Nota etnográfica e despedida

Pormenor de uma fotografia que mostra a estrutura de cubatas em construção, na sanzala de Macuma, (Angola, região do Cuango, em 15 de Março de 1973)

Na quinta-feira, dia doze, tive a surpresa de encontrar em Quimbele o alferes que está no Cuango.

— Tu por aqui, Raul? Deixaste o Cuango sem ninguém?

— Estão lá os furriéis.

— E o que é que vieste fazer a Quimbele? Matar saudades da civilização?

— Não. Fui chamado pelo capitão. Como estamos em alerta máximo, por causa da Páscoa, o capitão quer que eu vá com uma secção para Quibula Calonge.

— Isso é na zona do Alto Zaza.

— Creio que sim. Não conheço.

— Eu também não. Nunca lá estive. Mas sei onde fica. E sei também que é uma zona com bastantes povoações. E, que eu saiba, nunca lá esteve a tropa instalada.

— Nunca esteve. Mas, pelos vistos, vai passar a estar.

— Deve ser só por agora. Deve ser temporário, porque estamos de prevenção. Temos a Páscoa à porta e os turras aproveitam geralmente estas épocas para nos chatearem.

— É capaz de ser isso. Mas não devo lá ficar por muito tempo. Estou quase a ir de férias para a metrópole.

No dia treze, uma sexta-feira, fui de manhã a Sanza Pombo.

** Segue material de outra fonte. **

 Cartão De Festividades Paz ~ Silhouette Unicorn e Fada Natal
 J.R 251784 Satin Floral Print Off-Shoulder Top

Aproveitei uma ida do nosso pessoal a buscar o «reab» para ir à sede do batalhão. E aproveitei porque necessitei de depositar dinheiro. Foi esta a principal razão que me fez sair do descanso de Quimbele. Começava a ficar com demasiado dinheiro em meu poder. Depositei no Banco de Crédito Comercial e Industrial a módica quantia de doze mil e quinhentos escudos. Creio até que já deve chegar para as passagens de avião, dentro de algum tempo, quando for de férias à metrópole. No regresso, aproveitei para parar em Macocola, entre Sanza Pombo e Quimbele. Serviu-me não só para tomar uma bebida fresca, mas sobretudo para rever camaradas de outra companhia do nosso batalhão, que já não via desde Santa Margarida.

 

Neste momento, estou praticamente em dia. Tirando os filmes em Quimbele, que não vou aqui referir, pouco mais há de importante para vos dar a conhecer.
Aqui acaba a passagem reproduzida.